[Source information]
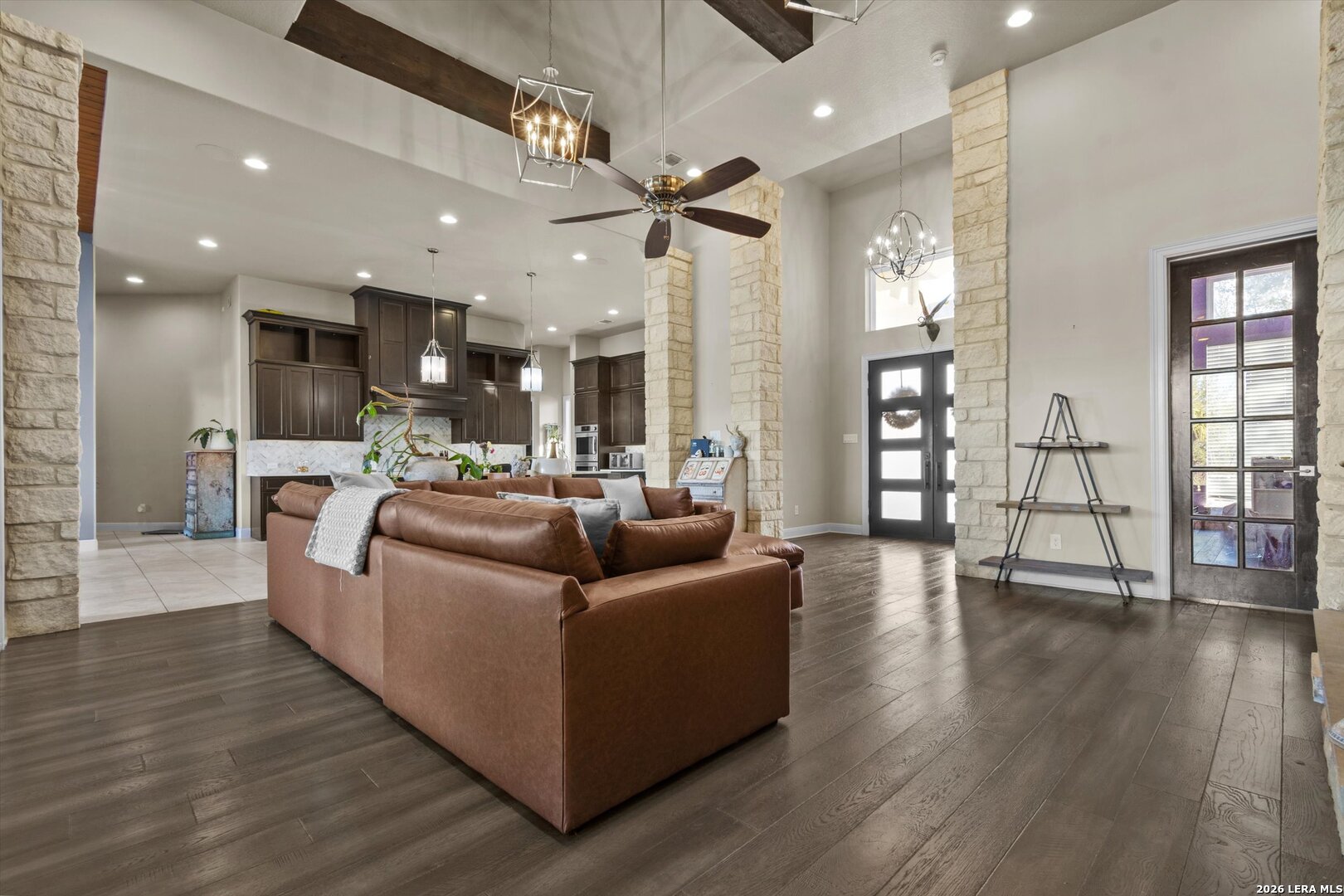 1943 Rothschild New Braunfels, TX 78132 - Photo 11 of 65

...

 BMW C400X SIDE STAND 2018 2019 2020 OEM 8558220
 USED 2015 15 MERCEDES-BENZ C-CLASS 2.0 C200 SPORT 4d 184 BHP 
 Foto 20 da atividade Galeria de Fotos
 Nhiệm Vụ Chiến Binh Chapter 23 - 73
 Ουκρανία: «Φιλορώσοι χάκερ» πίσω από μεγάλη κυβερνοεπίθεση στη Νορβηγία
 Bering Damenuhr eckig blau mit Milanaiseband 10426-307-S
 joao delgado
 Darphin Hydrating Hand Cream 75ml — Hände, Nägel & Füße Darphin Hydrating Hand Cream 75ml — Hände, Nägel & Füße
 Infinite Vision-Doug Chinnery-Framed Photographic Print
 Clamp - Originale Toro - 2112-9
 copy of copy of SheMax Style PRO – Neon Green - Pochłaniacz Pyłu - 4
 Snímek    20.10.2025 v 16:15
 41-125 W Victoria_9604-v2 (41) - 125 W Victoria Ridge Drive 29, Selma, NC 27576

[Problem description] Could you retype exactly the lines above, starting at the line that contains "κυβερνοεπίθεση στη Νορβηγία" and ending at the line that contains "Darphin Hydrating Hand Cream 75ml — Hände, Nägel & Füße Darphin", and nothing more?

[Output for this task]
 Ουκρανία: «Φιλορώσοι χάκερ» πίσω από μεγάλη κυβερνοεπίθεση στη Νορβηγία
 Bering Damenuhr eckig blau mit Milanaiseband 10426-307-S
 joao delgado
 Darphin Hydrating Hand Cream 75ml — Hände, Nägel & Füße Darphin Hydrating Hand Cream 75ml — Hände, Nägel & Füße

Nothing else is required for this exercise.